EXERCISE AIM:
Copy the entries below word for word, minus the pictures.

━━━━━ DATA FOR REVIEW

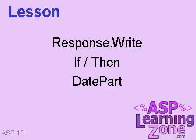In this lesson, we're going to learn three ASP commands. We're going to learn response.write and what the response object is. We're going to learn a basic if-then statement, and I'm going to teach you about the date part function.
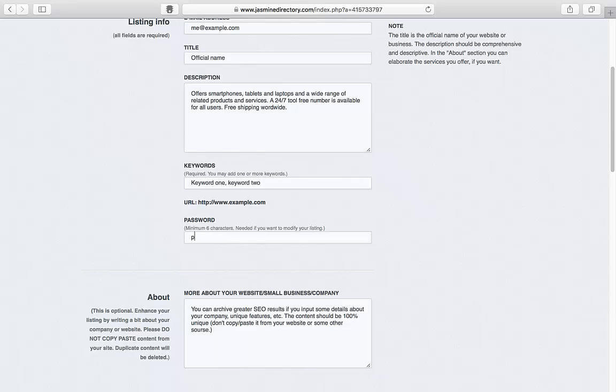In the Keyword field, add at least one keyword, and you also need to set a password, which is required later if you want to modify your listing.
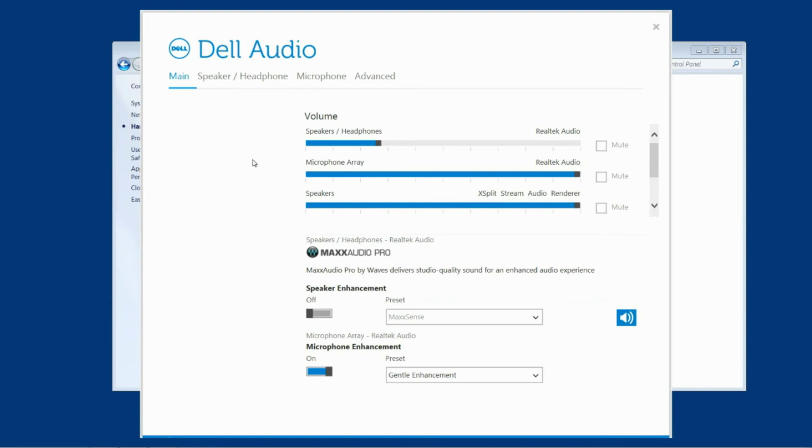So there is a second video in this series that will show you the step-by-step process of how to uninstall the complete Dell audio driver and set it back to the Windows driver so that you can very quickly and easily turn off these sound enhancements on your machine.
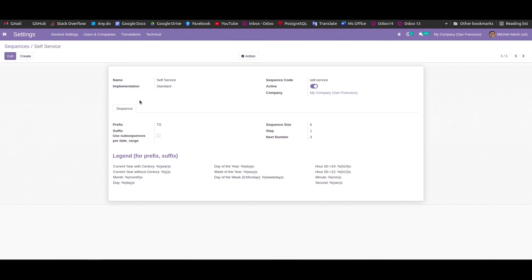There are two types of implementation methods: 'No Gap' and 'Standard'. No Gap means there will be no gap in the numbering of records. For example, if records are numbered TS000001 and TS000002, and you delete the second one and create a third, the No Gap sequence will assign TS000002 to the new record. In Standard mode, it would assign TS000003 instead. So this is how we can add a sequence to Odoo.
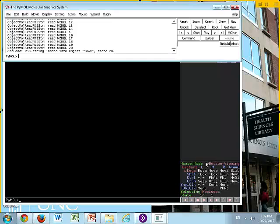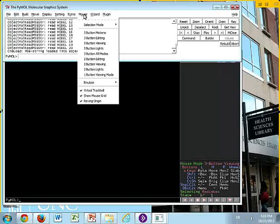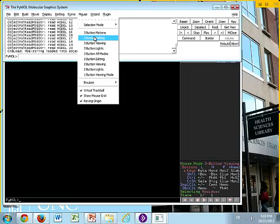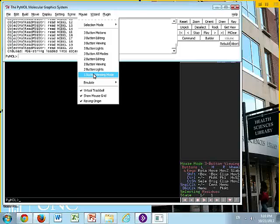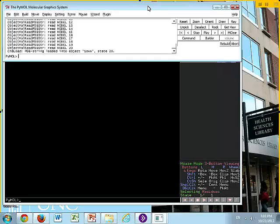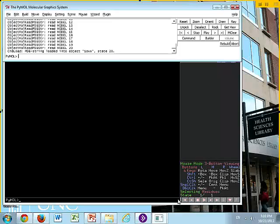Now, if you want to change, if you're home working on a laptop and you don't have a three-button mouse, then you can come up here to mouse, and you can pick three-button motions, editing, viewing, or two-button modes, or one-button viewing modes. So you can change. I find the easiest is to use a three-button mouse. I've done it so many years, it happens instinctively now, so we're going to stick with the three-button viewing. You have a lot more options. So those are your mouse controls.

━━━━━━━━━━

OUTPUT OF THE TASK:
In this lesson, we're going to learn three ASP commands. We're going to learn response.write and what the response object is. We're going to learn a basic if-then statement, and I'm going to teach you about the date part function.
In the Keyword field, add at least one keyword, and you also need to set a password, which is required later if you want to modify your listing.
So there is a second video in this series that will show you the step-by-step process of how to uninstall the complete Dell audio driver and set it back to the Windows driver so that you can very quickly and easily turn off these sound enhancements on your machine.
There are two types of implementation methods: 'No Gap' and 'Standard'. No Gap means there will be no gap in the numbering of records. For example, if records are numbered TS000001 and TS000002, and you delete the second one and create a third, the No Gap sequence will assign TS000002 to the new record. In Standard mode, it would assign TS000003 instead. So this is how we can add a sequence to Odoo.
Now, if you want to change, if you're home working on a laptop and you don't have a three-button mouse, then you can come up here to mouse, and you can pick three-button motions, editing, viewing, or two-button modes, or one-button viewing modes. So you can change. I find the easiest is to use a three-button mouse. I've done it so many years, it happens instinctively now, so we're going to stick with the three-button viewing. You have a lot more options. So those are your mouse controls.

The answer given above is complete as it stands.